Electronic Origin of Density Wave Orders in a Trilayer Nickelate

TL;DR

This study investigates the electronic structure of trilayer Ruddlesden-Popper nickelate La$_4$Ni$_3$O$_{10}$, revealing the origin of magnetic order and its implications for high-temperature superconductivity.

Contribution

First experimental evidence of band splitting due to interlayer coupling and identification of Fermi surface nesting as the origin of magnetic order in La$_4$Ni$_3$O$_{10}.

Findings

Band splitting induced by interlayer coupling

Momentum-dependent density wave gap structures

Mirror-selective Fermi surface nesting causes antiferromagnetic order

Abstract

The discovery of superconductivity in Ruddlesden-Popper nickelates has established a new frontier in the study of high-temperature superconductors. However, the underlying pairing mechanism and its relationship to the material's electronic and magnetic ground states remain elusive. Since unconventional superconductivity often emerges from a complex interplay of magnetic correlations, elucidating the magnetic ground state of the nickelates at ambient pressure is crucial for understanding the emergence of superconductivity under high pressure.
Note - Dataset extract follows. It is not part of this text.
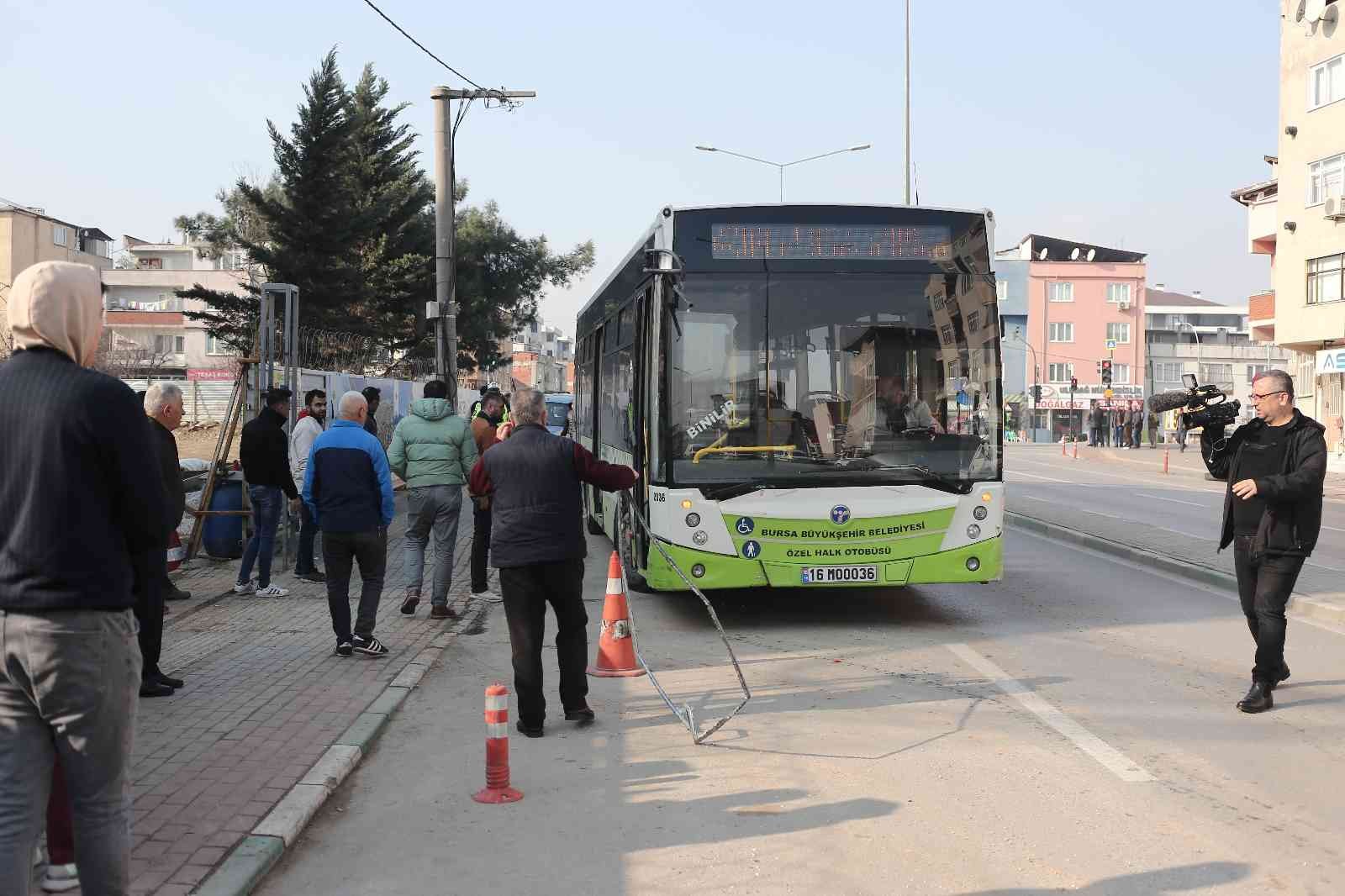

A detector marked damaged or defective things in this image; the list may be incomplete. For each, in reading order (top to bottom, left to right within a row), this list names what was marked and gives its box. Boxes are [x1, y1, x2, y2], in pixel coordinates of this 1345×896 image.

cracked windshield [669, 269, 995, 484]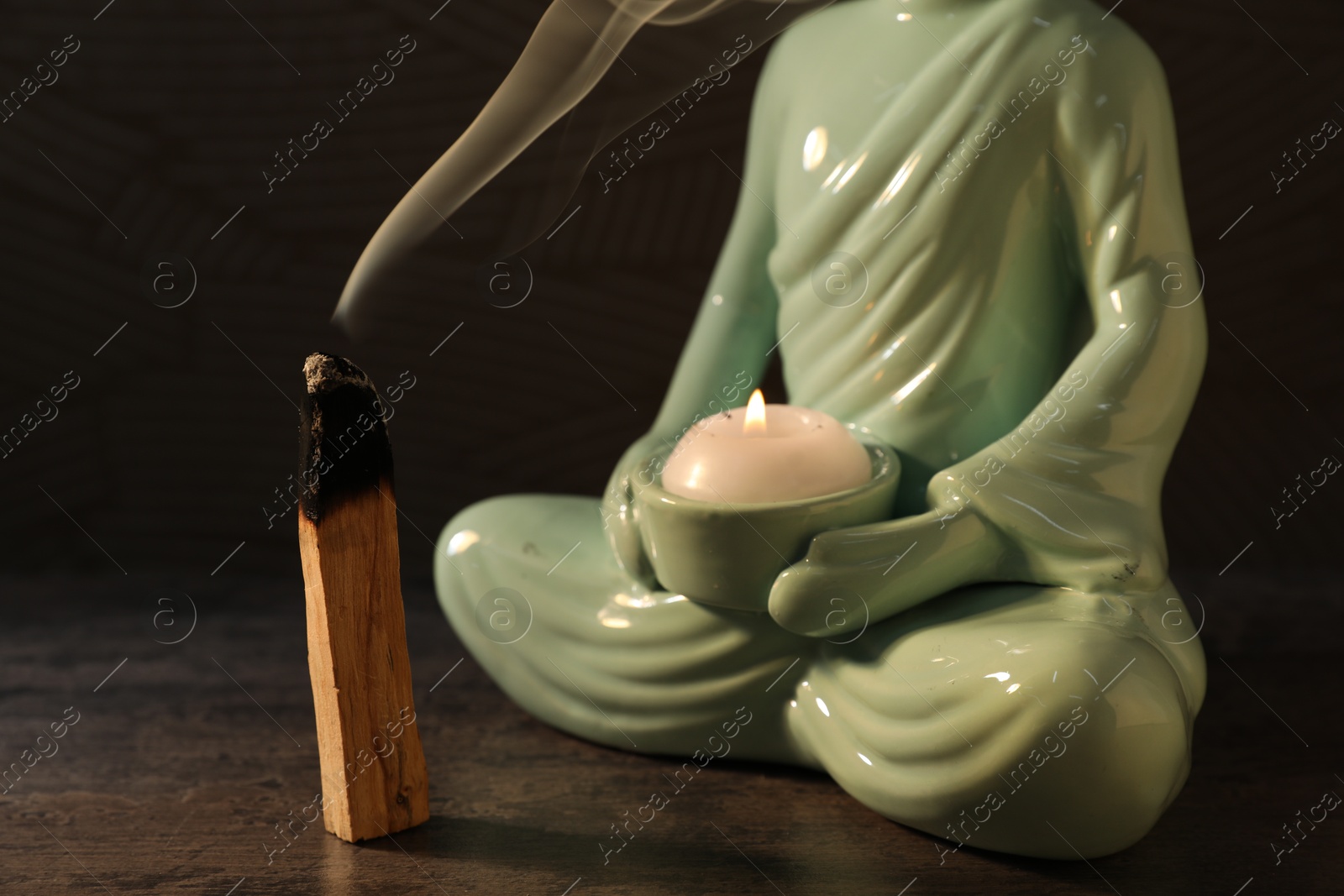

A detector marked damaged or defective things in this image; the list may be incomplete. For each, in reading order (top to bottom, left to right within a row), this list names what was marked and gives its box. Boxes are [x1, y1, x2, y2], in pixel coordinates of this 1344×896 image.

Here, we combine high-resolution angle-resolved photoemission spectroscopy with tight-binding model simulation to investigate the electronic structure of the representative trilayer Ruddlesden-Popper nickelate La$_4$Ni$_3$O$_{10}$. We provide the first experimental evidence of band splitting induced by interlayer coupling and further resolve the momentum-dependent density wave gap structures along all the Fermi surfaces. Our findings identify the mirror-selective Fermi surface nesting as the origin of the interlayer antiferromagnetic spin density wave and demonstrate the dominant role of Ni-3d$_{z^2}$ orbitals in the low-energy physics of La$_4$Ni$_3$O$_{10}$. These results provide a fundamental framework for understanding the magnetic interactions and high-temperature superconductivity mechanism in the Ruddlesden-Popper nickelate family.